SILVIO ET LES AUTRES
Après son Young Pope, Paolo Sorrentino s’attaque au Caïman et fait le portrait de Silvio Berlusconi en homme seul, dans un film mélancolique et vénéneux, baroque et fascinant. Gros gros choc.
Commençons par là : Silvio et les autres est l’anti- Caïman. En 2006, alors que le Cavaliere était politiquement ruiné, Nanni Moretti dépouillait le bouffon de sa faconde, de son cabotinage, et dénonçait la froide mécanique de sa tyrannie. Dans une stylisation orwellienne (sobre, clinique, en colère), la dernière partie de son film, carnage total, faisait littéralement froid dans le dos. Douze ans plus tard, Sorrentino s’empare de « tête d’asphalte » au moment même où le pays sombre dans un populisme rance rappelant le pire de ses années de pouvoir. Mais l’ambition du cinéaste n’est pas la même. L’idée n’est pas de dépouiller le prince de ses attributs ni de s’interroger sur la régulière production de toxines fascistes par le peuple italien. Comme le dit le titre français, Sorrentino préfère s’attaquer au portrait d’un homme haï et redouté de tous à travers son regard et celui des autres. Une oeuvre fractale, un puzzle mental, qui passe notamment par la vision d’un petit proxénète remontant les arcanes du pouvoir (extraordinaire Riccardo Scamarcio), d’une femme qui l’a aimé mais se sait délaissée, d’un consigliere muet et plus que flippant ainsi que de tous ses courtisans venimeux. Tous les marqueurs du cinéma « sorrentinien » sont bien là (rutilance stylistique, séquences musicales démentes, luxe aussi vide que voluptueux, Toni Servillo majestueux), mais la focale a changé. Si Sorrentino, jusqu’à The Young Pope, tissait des introspections mélancoliques, son Silvio est d’abord un dédale de digressions et de vignettes fulgurantes qui passent d’un point de vue à l’autre, organisant un immense canevas pointilliste, une charade sensorielle traversée de moments de solitude dandy et d’interrogations nostalgiques. On passe de bacchanales tristes à des promenades nocturnes, de conférences de presse surchauffées à des tractations politiques dans des villas pour découvrir par bribes, progressivement, les travers, les névroses, la tristesse et les folies de ce petit homme.
TOUR D’IVOIRE. Plus que l’homme ou le politique, ce qui intéresse Sorrentino, c’est ce qu’il représente : Berlusconi est l’incarnation totale de l’Italie monstrueuse que le cinéaste chronique depuis ses débuts. Naturellement, Silvio synthétise donc tout son cinéma pour le porter à incandescence : la laideur morale de L’Ami de la famille, le dandysme de La Grande Bellezza, la cruauté politique d’Il Divo et les symboles de The Young Pope. Jusqu’à reprendre le thème, shakespearien, de son oeuvre entière : l’enfermement dans des tours d’ivoire que l’on construit soi-même et d’où l’on contemple, stupéfait, tout ce qu’on a laissé à l’extérieur. Le monde réel comme ses illusions. Le Berlusconi de Sorrentino rappelle Jep Gambardella (protagoniste de La Grande Bellezza) ou Lenny Belardo (le pape Pie XIII de The Young Pope), ces types qui évoluent dans des cloîtres gigantesques (Rome, le Vatican), peuplés de vieillards souffreteux, de femmes sublimes et d’inconnus inaccessibles.
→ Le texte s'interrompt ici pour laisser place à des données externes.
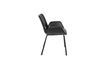 Miniatura Sillón Brit Li negro 10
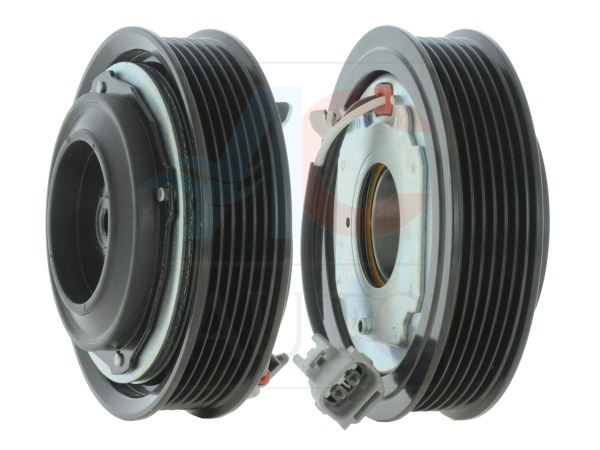 AC-06DN158-AM Sprzęgło Kompletne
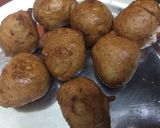 A picture of step 5 of Banana fritter.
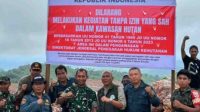 Penambangan Tanpa Izin (PETI) di wilayah Nusa Tenggara Barat (ditjen gakkum)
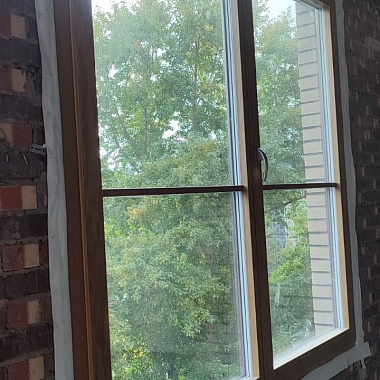 Окно "Модерн"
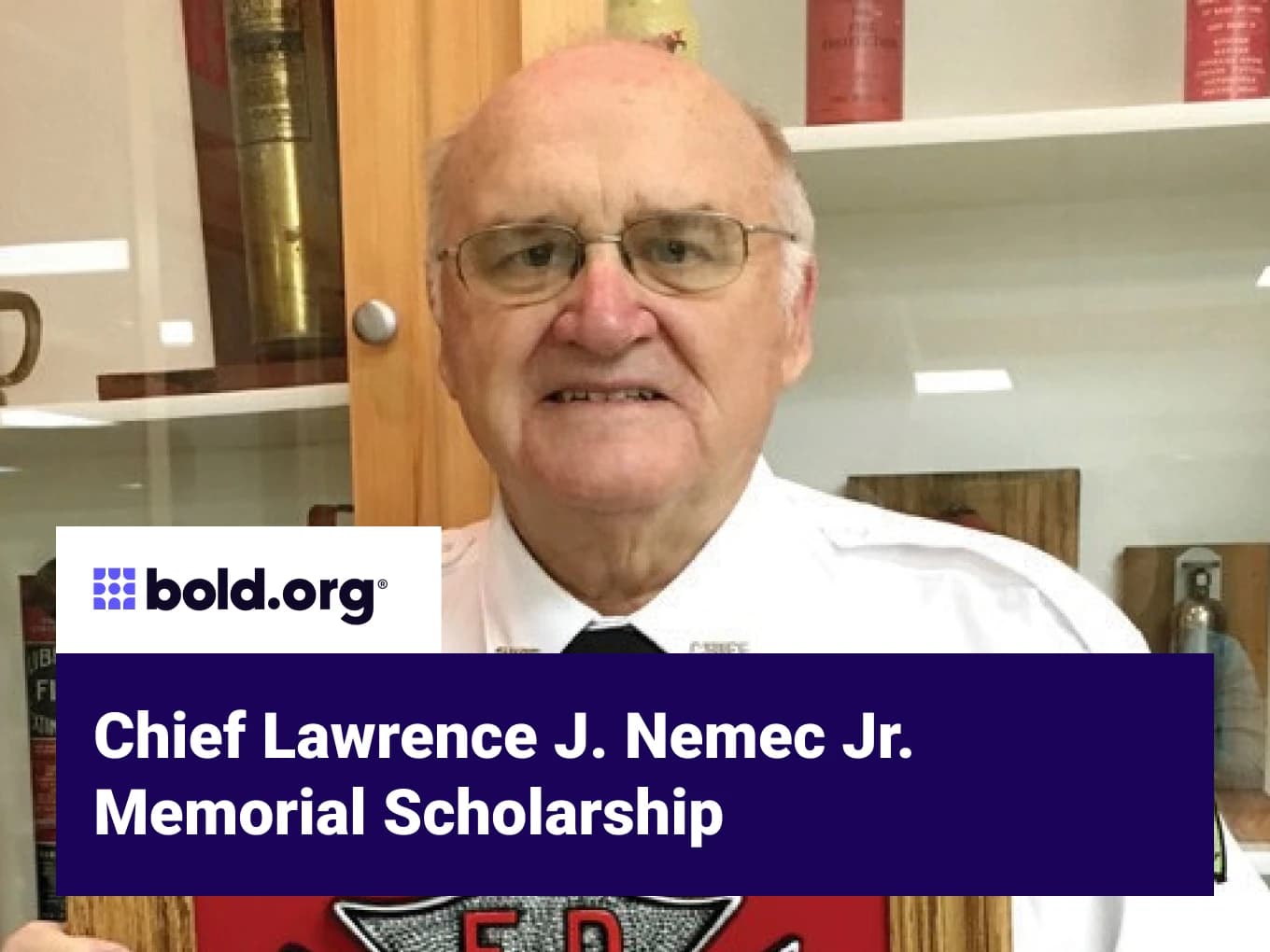 Chief Lawrence J. Nemec Jr. Memorial Scholarship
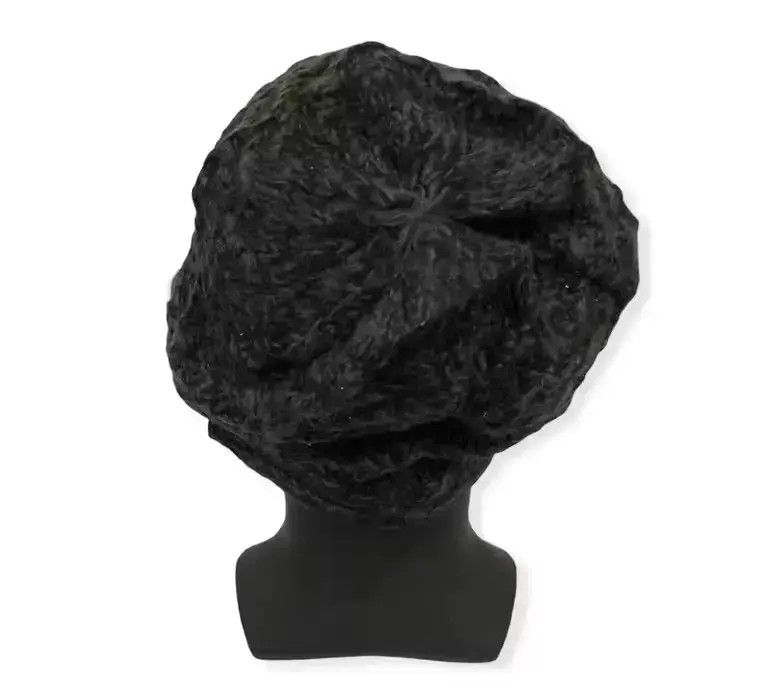 Vintage Vintage Marie Claire Beanie Cap Size ONE SIZE - 5 Thumbnail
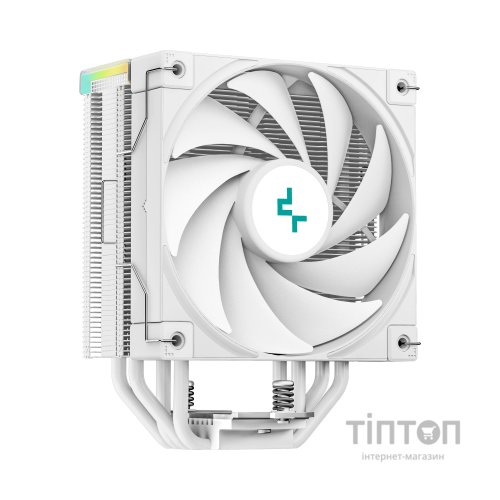 Кулер до процесора Deepcool AK400 Digital WH (AK400 Digital WHITE)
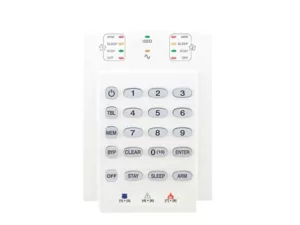 Bàn phím LED có dây PARADOX K10V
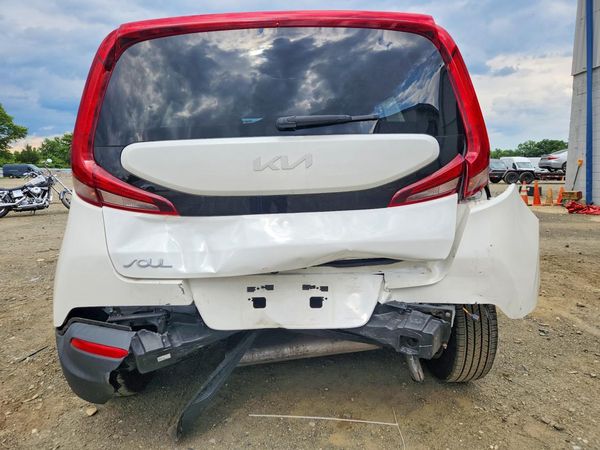 2022 KIA SOUL LX, S, X Line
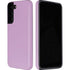 Lilac Solid Galaxy S22 Plus Pro Case
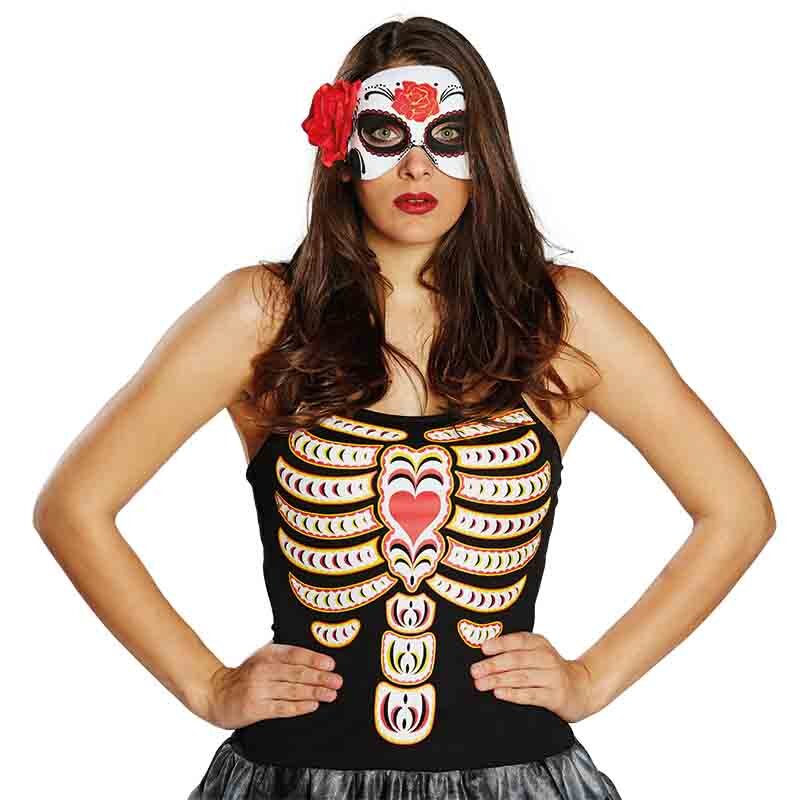 La Rosa Catrina Halbmaske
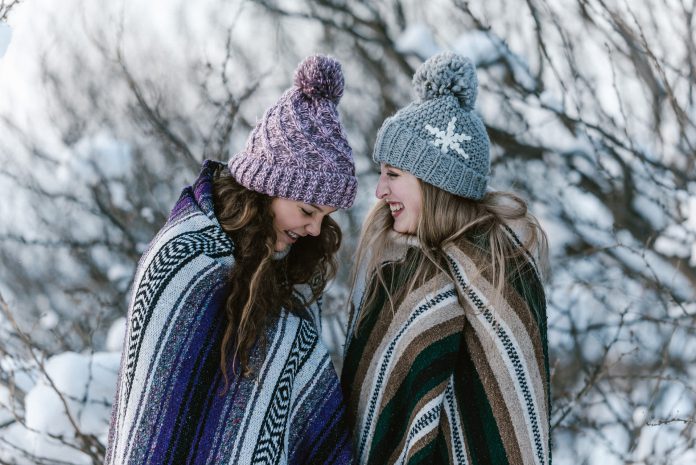 Yoga und Ernährung im Winter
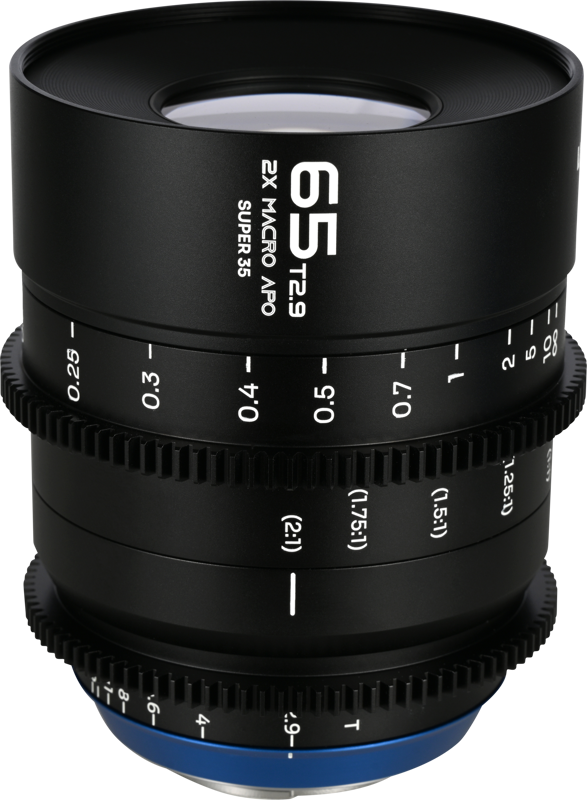 offering filmmakers outstanding optical quality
Mais il en serait le cousin abâtardi, qui ne parvient jamais à sa rédemption.
REQUIEM. Et la politique dans tout ça ? D’abord, il y a des moments où le cinéaste pose sa morale de manière affirmée (extraordinaire scène d’appel téléphonique qui dit clairement que Silvio B. ne fut jamais rien d’autre qu’un « vendeur »). Ensuite, il ne faudrait pas oublier que si Sorrentino s’est imposé comme le plus récent rejeton de Fellini, c’est aussi l’héritier d’Elio Petri dont il a gardé cette manière d’imaginer que le lien entre politique et cinéma reste d’abord la modernité. Et Silvio et les autres est bien un morceau de cinéma ultramoderne. Mais il y a surtout ce plan final (dont on préfère laisser la surprise), incroyable requiem, où Sorrentino regarde l’Italie et ses victimes dans les yeux. Rien que pour cette scène-là, Silvio est peut-être l’un des plus beaux et des plus déchirants films du cinéaste.